Having said that, China is going to keep dropping two more places before they can rise in the charter of TI. They're going to drop not because they're lacking of fighting corruption, but they are currently uncovering lots of corruption cases. This is not new. What the people are trying to tell is deeper, they demand a full political reform and the authorities are trying to respond. The statistics are talking about cases of corruption and the measures:

Image available in Statista.

The number of cases is even before 2009, remember the Shanghai pension case for example. Jason Lyall wrote about the current measures:

The Chinese Communist Party is centralizing authority, broadcasting the self-criticisms of local officials and calling for a new morality in public life. The party’s decentralized and technocratic rule is over, replaced with a new, more political mode of governance aimed at better controlling local officials.

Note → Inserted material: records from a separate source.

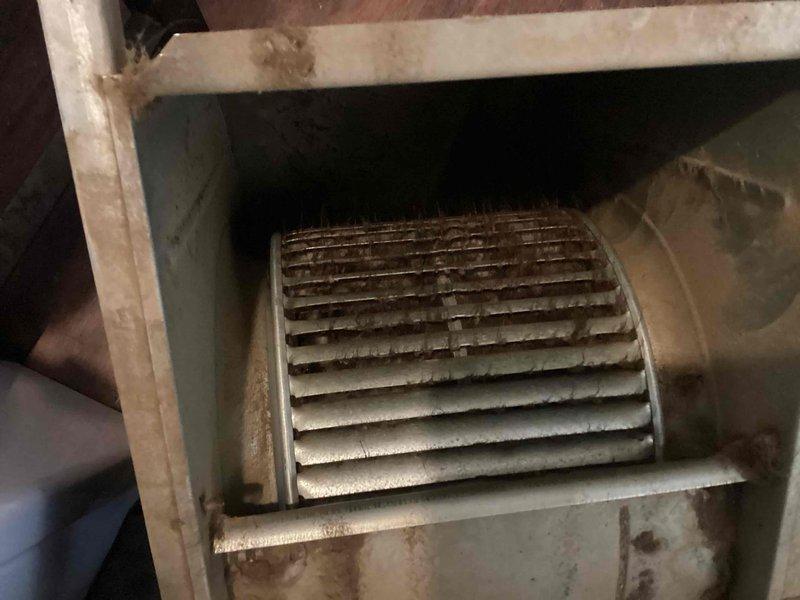 Responded to callback for recently installed 110K BTU furnace experiencing water leakage and excessive noise. Upon inspection, discovered evaporator coil heavily clogged with dust and debris accumulation, and blower wheel significantly contaminated with dirt buildup on all blade surfaces. Thoroughly cleaned evaporator coil fins and blower wheel assembly, removing substantial accumulation that was restricting airflow and causing condensate drainage issues and operational noise. Verified proper system operation, confirmed water leak resolved and noise levels returned to normal parameters following cleaning.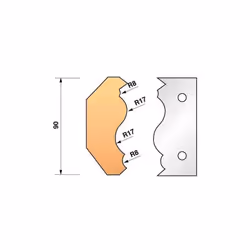 Leman - Jeu de 2 fers profilés N°352 pour porte-outils Ht.90 mm • Réaffûtables épaisseur : 5,5 mm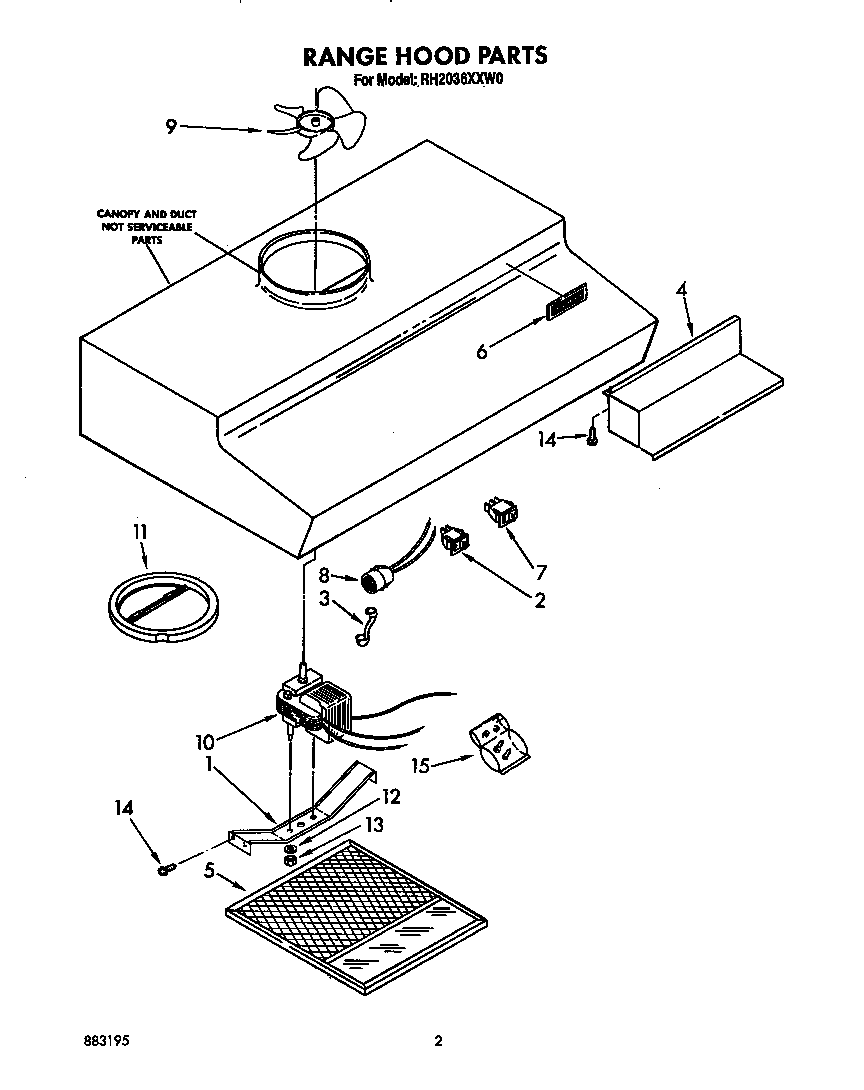 Range hood parts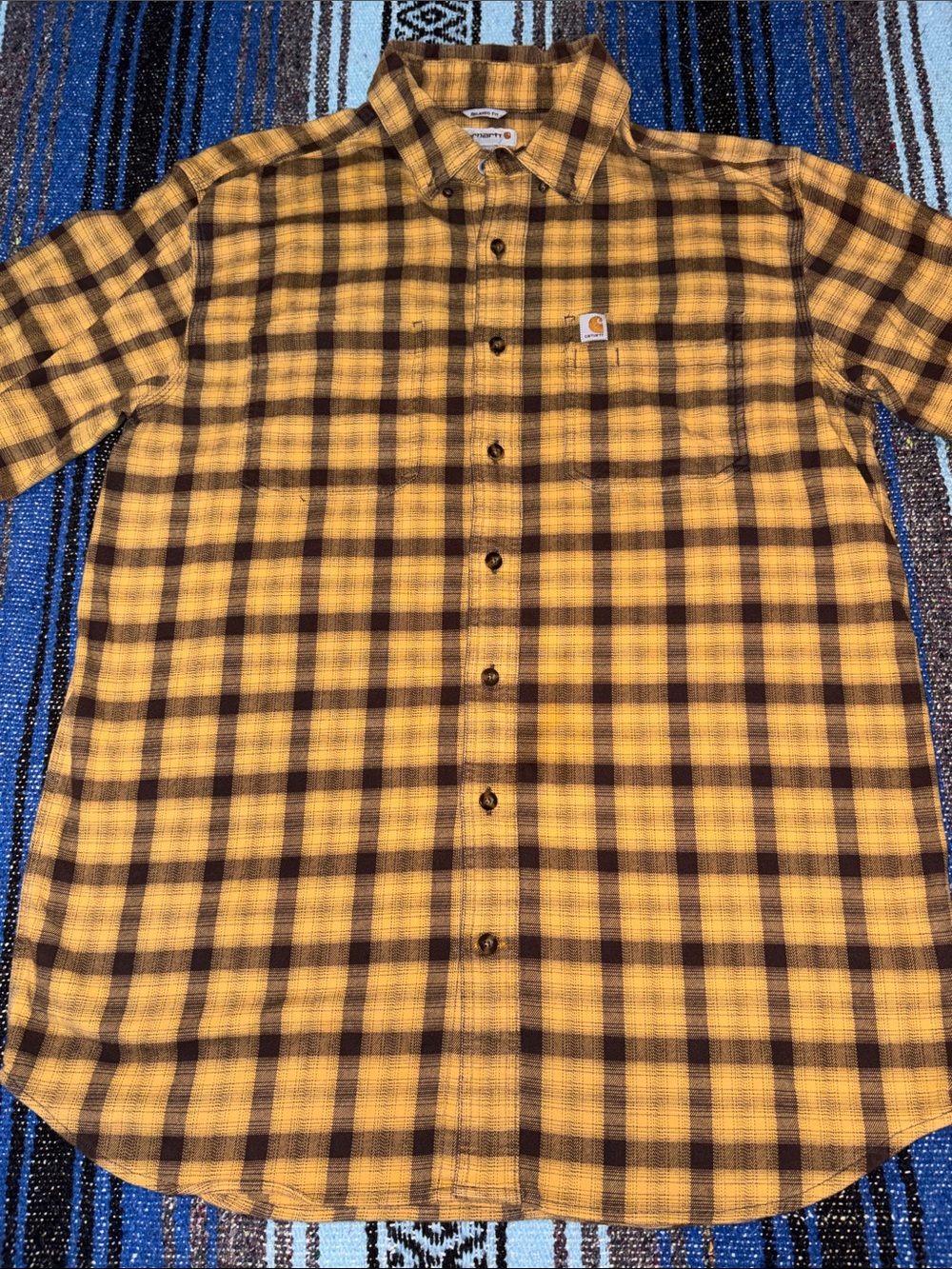 Carhartt Plaid Flannel Long Sleeve Button Down Workwear Shirt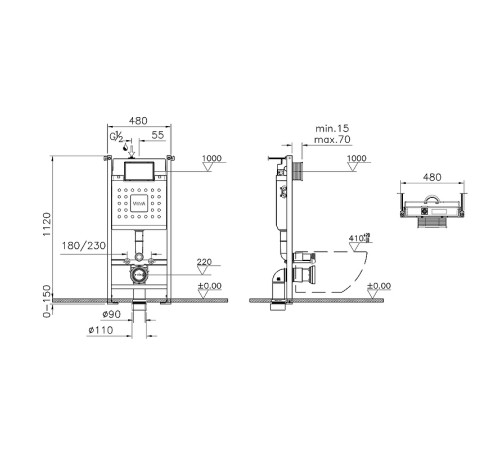 Комплект инсталляция VitrA Core 738-5800-01 и панель смыва Root S хром глянцевый 800-1875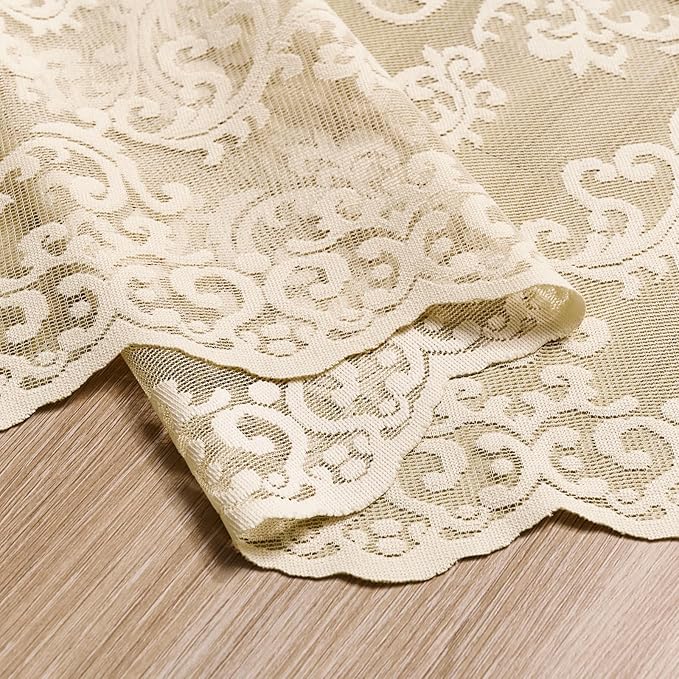 Beige Lace Vintage Paisley Floral Curtains - Image 6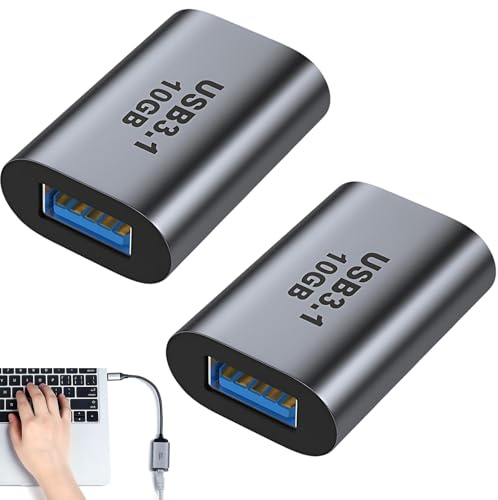2 Pcs USB C Female to USB 3.1 Female Adapter, 10Gbps USB 3.1 to Type C Coupler with 3A Fast Charging, Support Data Sync and Charging, Compatible with Phone Laptop PC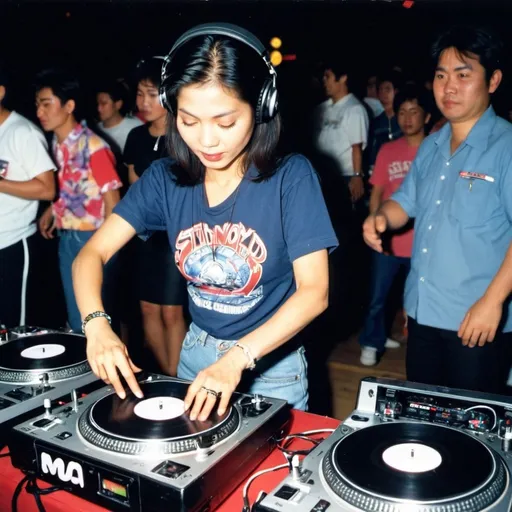 Prompt: dj anootsara changplook, female dj from thailand mixing and scratching on two turntables way too fast at the 1990 stanton world dj mixing championships eliminations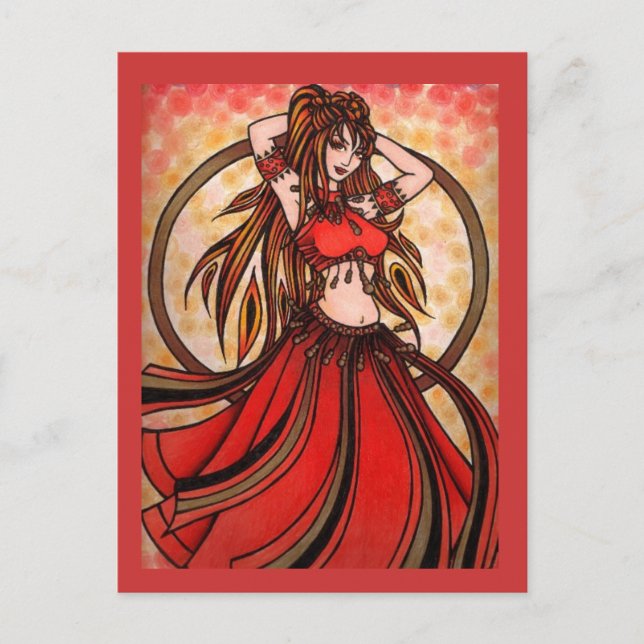 Cartes postales pour danseur du ventre rouge écarl (Devant)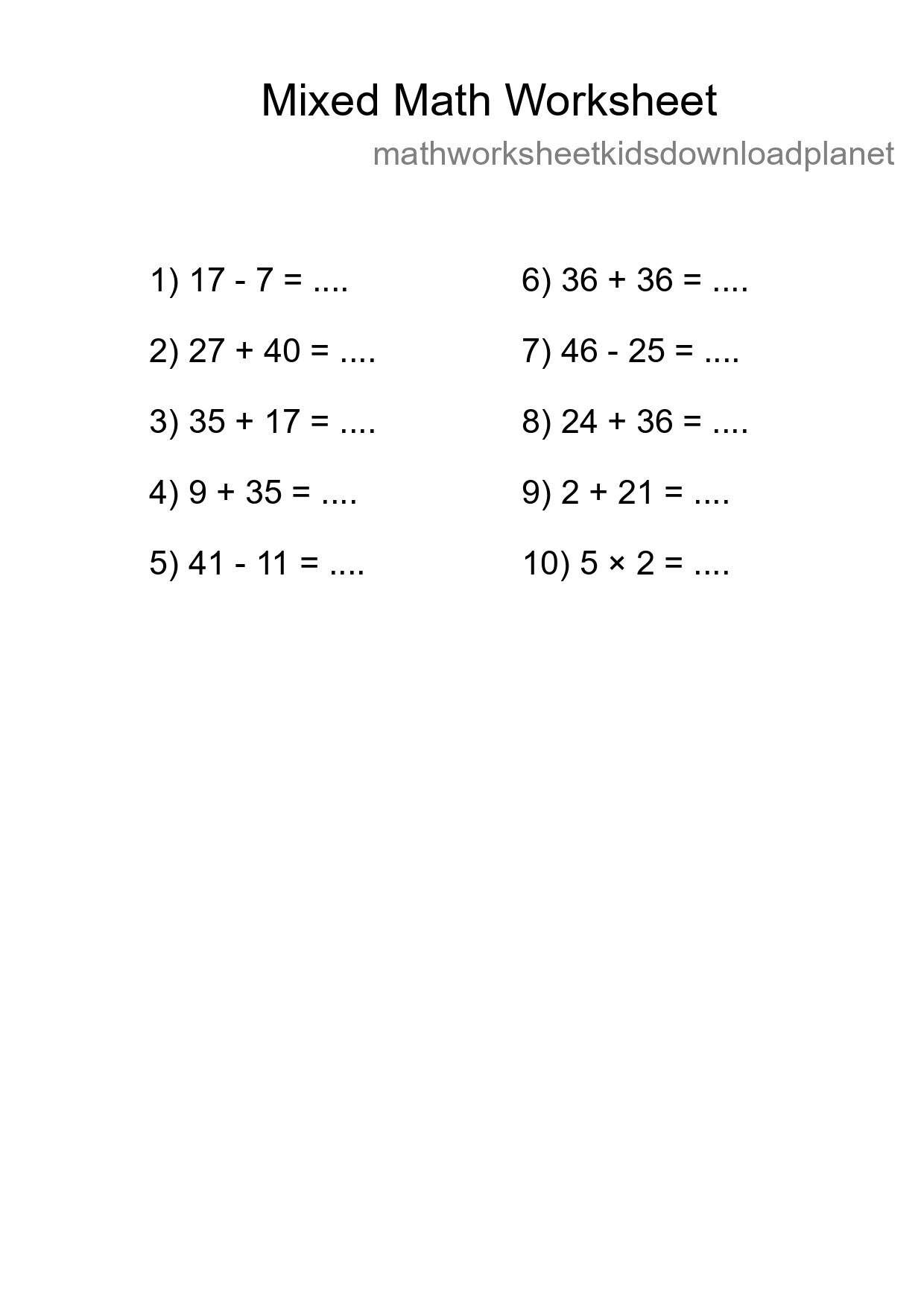 Mixed Operations Math Worksheet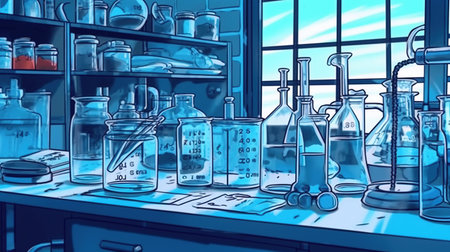 Chemistry laboratory equipment. Fantasy concept, Illustration painting.の素材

What people see is the response of their authorities and the opposition inside the China Communist Party says the efforts made by them are not enough, giving the reason in some terms to TI, that's why the result you found. Foreign Policy made a post about the cases of corruption, considering the report made by the Discipline Committee:

Cases of corruption. Source: [Foreign Policy][4]

You may think about the procedures and the partiality of the justice in the country and we have to take in consideration the number of cases keep growing while several cases are treated. These changes started (precisely highly supported) with Xi Jingping are going to take lots of time, but the message sent inside the Communist Party is very clear as the FP said:

Be afraid.

To finish, I would recommend this paper to understand the beginning of the corruption fighting in 2000s of Zengke He.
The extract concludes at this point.